Walberg also actively participates in Cycle for Survival, a fundraiser for research of rare cancers. Cycling in a spinning studio, his team has raised nearly half a million dollars over the last five years. Every nickel goes to fund research at Memorial Sloan Kettering Cancer Research Center in New York City.

“That does not appear to be someone who is just ‘surviving’,” says Walberg. “I would call that ‘thriving’.” He explains that the term “cancer survivor” reminds him of the time “when I was down to 135 pounds and crawling across the finish line of beating cancer.”

In those days, Walberg’s illnesses kept him in the hospital for long stretches not just once, but three times: in 2001 for prostate cancer, 2004 for ulcerative colitis and 2011 for a tumor on his pituitary gland. All the while, his wife, Ann Marie Nugent, took on his share of responsibilities in their business, while also raising their children and tending to him in the hospital.

“When a health crisis shows up, it’s like a bomb going off in a family,” he says.

Overwhelmed by all the demands, Nugent simply didn’t have the time to email updates to their family and friends.
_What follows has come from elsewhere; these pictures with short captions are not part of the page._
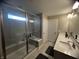 Elegant bathroom with double sinks and a large shower at 3609 Merchmont Rd, Bargersville, IN 46106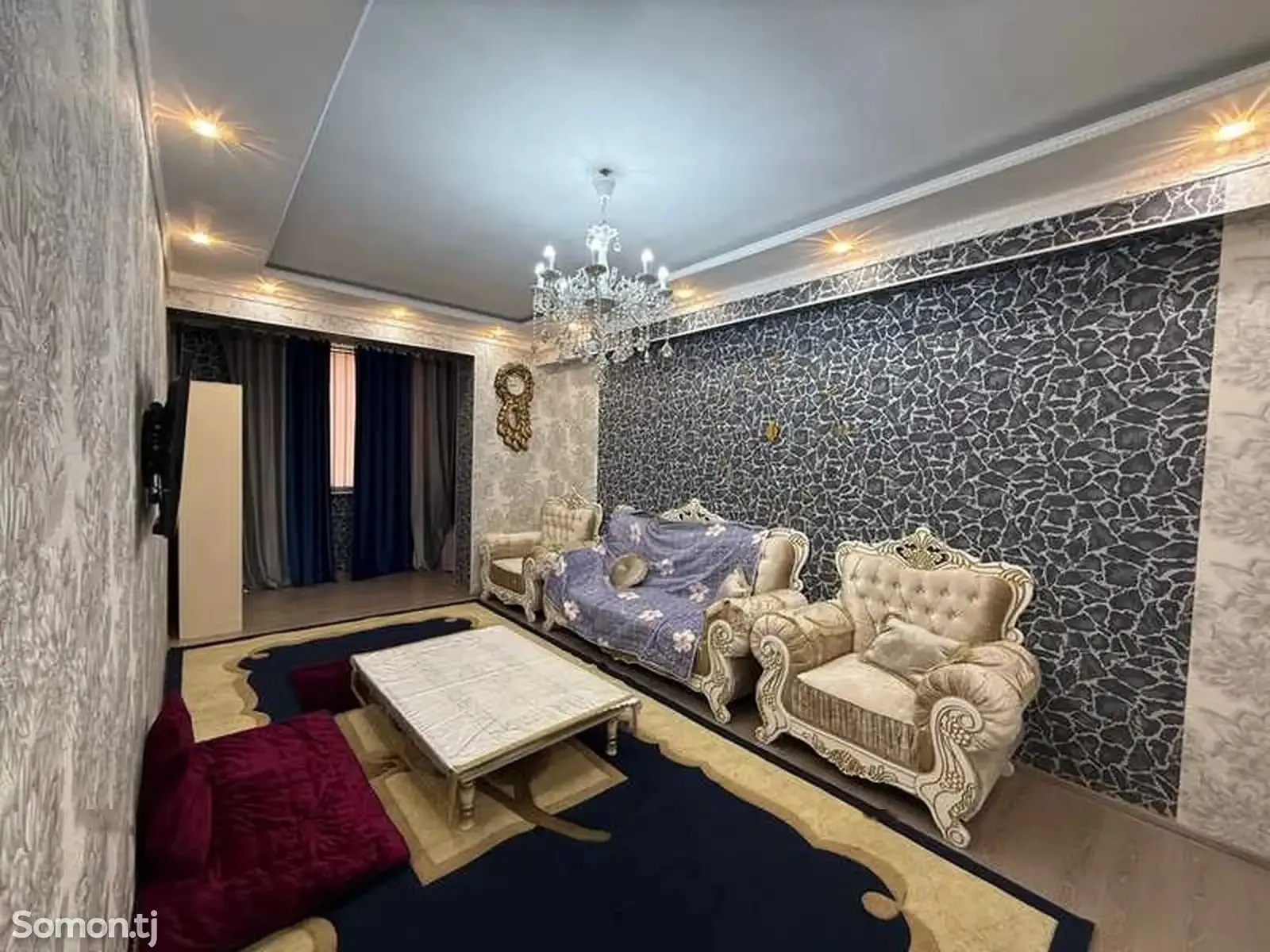 1-комн. квартира, 12 этаж, 60 м², Текстиль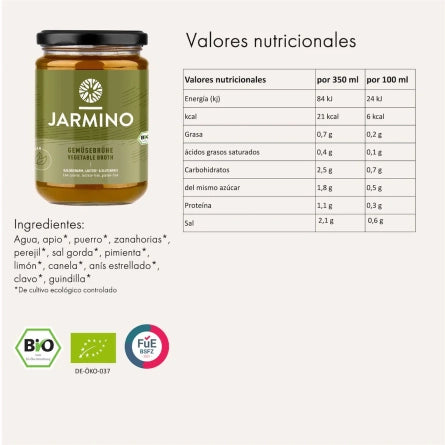 Caldo de Verduras BIO 350ml Jarmino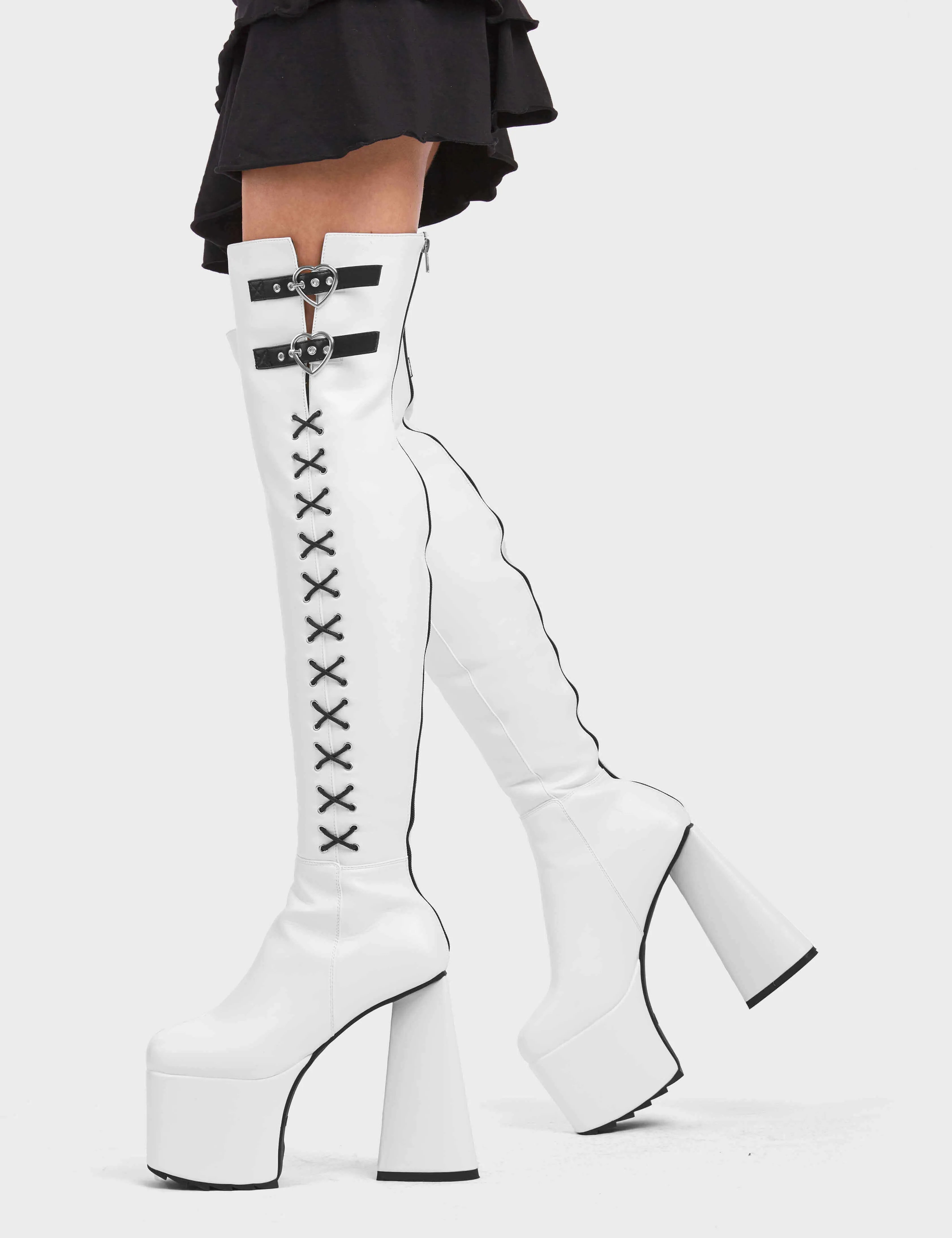 Small Victories Platform Thigh High Boots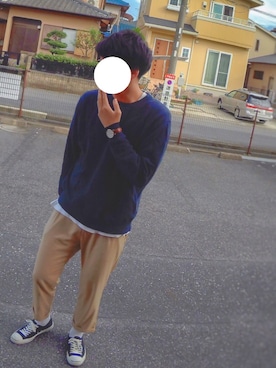 「CONVERSE（コンバース）のCONVERSE コンバース ジャック パーセル / JACK PURCEL（スニーカー）」を使った、1031（Take専属ヘアスタイリスト）さん（メンズ・178cm）の秋コーディネート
She even stopped answering their many phone calls. While they were ready and willing to help, Walberg says, reaching out to them required too much energy and time.

The Outpatient app, Walberg says, would’ve made life much easier for his wife and family and friends. With a simple message on Outpatient, “she could’ve easily enlisted the help that was there.” He also likes Outpatient because it holds all the crucial information on patient care. From changing bandages to taking medications to return appointments, family caregivers simply turn to Outpatient to get the details. Walberg suggests giving the task of inputting all the necessary information to the hospital, such as bedside nurses who already instruct patients and their families on how to continue care at home.

“You go home with a pile of paper and meds. Now you have to figure out how to do it correctly,” says Walberg of the self-care instructions. “It’s just overwhelming.

“In a perfect world, the hospital would provide [Outpatient] for the patient. They could begin enlisting people to participate in the patient’s care in the midst of a crisis. That would be brilliant,” he says.

As Walberg reflects back on those difficult days, he says that he’s amazed by how his wife was able to shoulder all the pressure and responsibilities.

“Ann Marie is truly my family champion,” he says. “She’s why I’m still here today.”